Il 25 febbraio 2020, lo Smithsonian Institute ha reso liberamente consultabili, attraverso la piattaforma online Smithsonian Open Access, quasi tre milioni di immagini 2D e 3D ad alta risoluzione, provenienti dalle ricche collezioni di tutti i musei e dei centri di ricerca che fanno parte del più grande complesso museale al mondo.

Open Access invita attivamente studenti, artisti, educatori e il pubblico in generale, a collaborare con l’Istituto e i suoi curatori nel portare alla luce storie sconosciute, legate ad immagini nascoste negli archivi del museo. L’iniziativa senza precedenti, per volume e multidisciplinarità , offrendo agli utenti la possibilità di condividere, utilizzare e modificare le immagini dello Smithsonian, incoraggia e promuove un processo di reinterpretazione e di ricontestualizzazione delle opere e delle testimonianze storiche e scientifiche.

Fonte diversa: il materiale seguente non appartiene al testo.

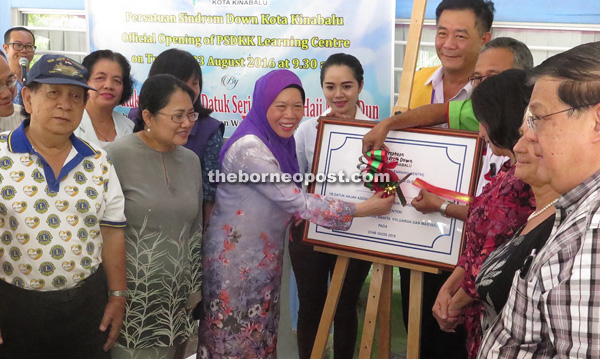Azizah (third left) officiating at the Kota Kinabalu Down Syndrome Association learning centre at Taman Orkid yesterday.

Il Rijksmuseum di Amsterdam, già dal 2012, ha cominciato a digitalizzare le opere che fanno parte della propria collezione e a renderle disponibili al pubblico attraverso la piattaforma online Rijksstudio che, ad oggi, conta più di 220.000 opere. La particolarità di questa iniziativa consiste nell’aver reso disponibili immagini ad altissima risoluzione, attraverso una interfaccia semplice e intuitiva, per incoraggiarne l’utilizzo creativo da parte degli utenti e per avvicinare il pubblico alle opere. In questo modo, le immagini possono entrare a far parte di collezioni personalizzate, possono essere scaricate, osservate e selezionate nel dettaglio, manipolate a seconda della propria creatività e interessi e condivise con i propri amici attraverso i social media.